I am struggling a query problem with Grafana variable
query in Dashboard configuration. The query variable should return the number of nodes joined the swarm but it did not. In my case, I only have one swarm node but the variable in Grafana returns up to 5 nodes. I relly don't understand what causes the error.
Here is the situation: I set up docker swarm in my laptop as a manager, only my laptop with the swarm mode, no other nodes joined.
I used the source from https://github.com/stefanprodan/swarmprom to monitor the host by node-exporter
. I kept the prometheus.yml
as original.
when I executes the metric from prometheus
, only one host returned. This is correct because I only had one node. You can see the figure below
But when I did the query in Grafana, Grafana returned 5 hosts. It was really strange here. I dont know why I got 5 hosts because I had only one swarm node.
I did check the git repo again with play-with-docker, configured one manager node and 2 client nodes. Everything worked fine.

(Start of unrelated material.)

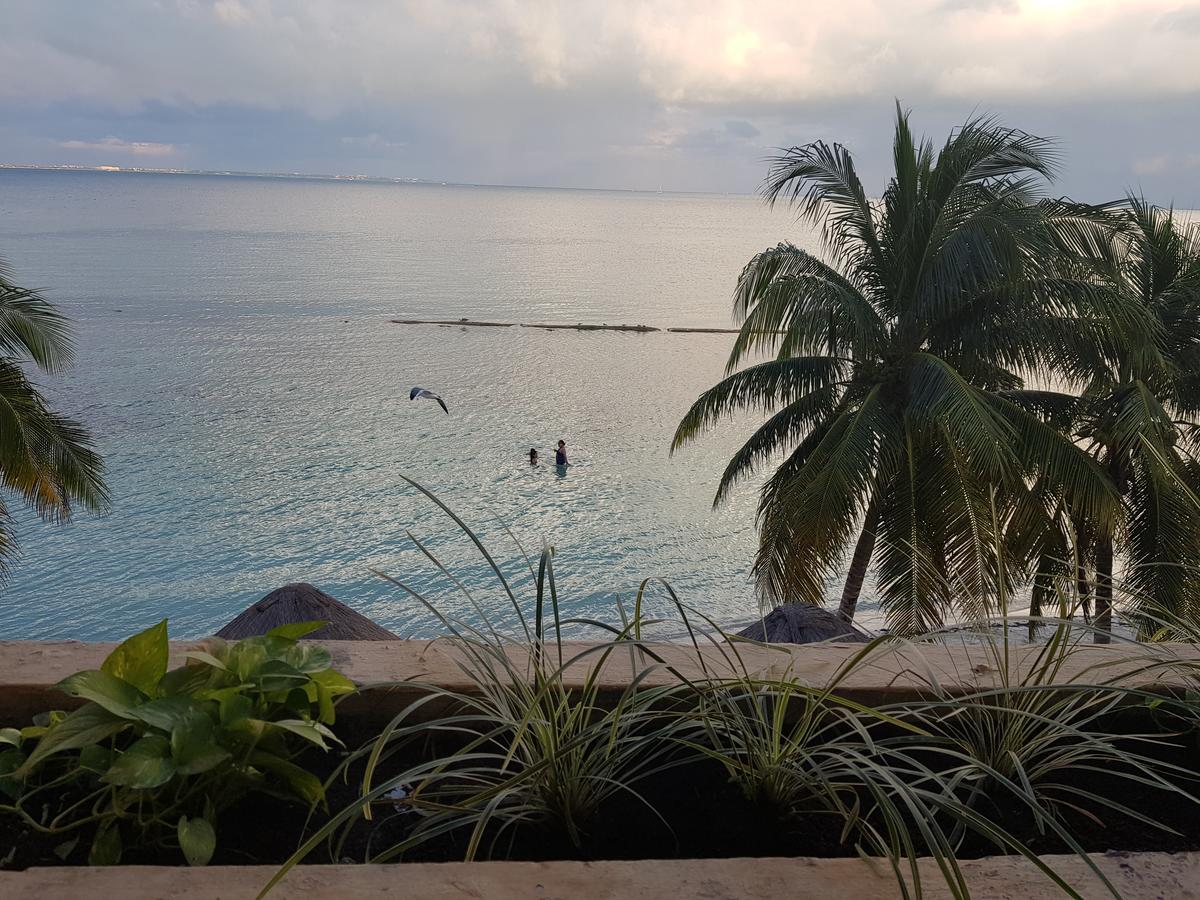 Suite Frente Al Mar Cancun Exterior photo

The query in Grafana returned 3 hosts.
Here is the query formula: label_values(node_uname_info{job="node-exporter"}, instance)

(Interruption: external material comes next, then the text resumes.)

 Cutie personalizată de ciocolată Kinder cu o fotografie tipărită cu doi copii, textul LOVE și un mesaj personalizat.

Thank you so much for you supporting in advance.
What you have faced is a consequence of ephemeral container nature, one of the challenges in monitoring container applications. Before we go into any solution options, let us see ...
Prometheus is a time-series database. Once in a while it contacts its scraping targets and collects metrics. Those metrics are saved with a time stamp and a set of labels, one of which is the 'instance' label in question.

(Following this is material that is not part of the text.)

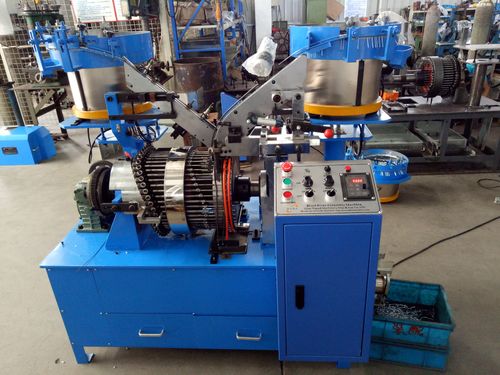 آخرین مورد شرکت تأمین‌کننده خودرو آلمانی تولید خود را با دستگاه پیشرفته ساخت پرچ ارتقا می‌دهد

The instance label normally consists of an address (a host/domain name or an IP-address) and a port, that prometheus uses to scrape metrics. In this example instance address is an IP-address, because the list of targets is obtained through a DNS-server (dns_sd_configs
in job definition).
When you deployed the stack, docker created at least one container for each service, including node-exporter and prometheus. Soon after that prometheus started obtaining metrics from node-exporter instance, however after some time node-exporter container was recreated. Either you updated it, or killed it, or it's crashed - I can't know, but the key is - you had a new container. The new node-exporter container got a different IP-address and because of that metrics from the new instance received a different 'instance' label.
Remember that prometheus is a time series database? You have not lost metrics from the instance that went offline, they're still in the database. It is just at this point you had started collecting node-exporter metrics with a different label set (new IP-address in the 'instance' label at least). When Grafana queries labels for you, it requests metrics from the period currently set on the dashboard. Since the period was 'today', you've seen instances that were present today. In other words when you request a list of possible instance values, you receive a list of values for the period without any filtering for currently active instances.
You need to use some static label(s) for this task. An 'instance' or a 'pod_name' (K8s) labels are a poor choice if you don't like to see dead instances in the list. Pick a label that represents the thing or unit you want to watch and stick to it. Since node-exporter is to monitor node metrics, I think a host name label will do.
If you see no way in avoiding use of dynamic labels, you can use a short time range on the dashboard, so that the label_values()
function does not return long dead labels. You'd like to set variable refresh option to 'On Time Range Change', so that you can use a short dashboard interval to see and pick currently active instances, and a long period for any other case.
As I said previously, using a host name label will be better in this case. The problem is - there is no such label in the metric in question. Checking swarmprom repo, I found that this node-exporter was made to expose a host name via node_meta
label (here). So it is possible to map a host name to an instance(s) using chained variables.
Another problem is that this solution may require changes in panel queries. Since one host name can resolve into multiple instances, it is essential that panel queries use regex match for 'instance' label (that is =~
instead of =
).
Here's how to do all this:
label_values(node_meta, node_name)
This one will be used as a selector on the dashboard.
label_values(node_meta{node_name="$hostname"}, instance)
This will return a set of 'instance' labels matching the selected 'hostname'. If you select all and update panel queries to support multi-value instance label, you will be able to view metrics from all container instances associated with the selected host name.
instance=
with instance=~
, then copy-paste the edited model in Grafana.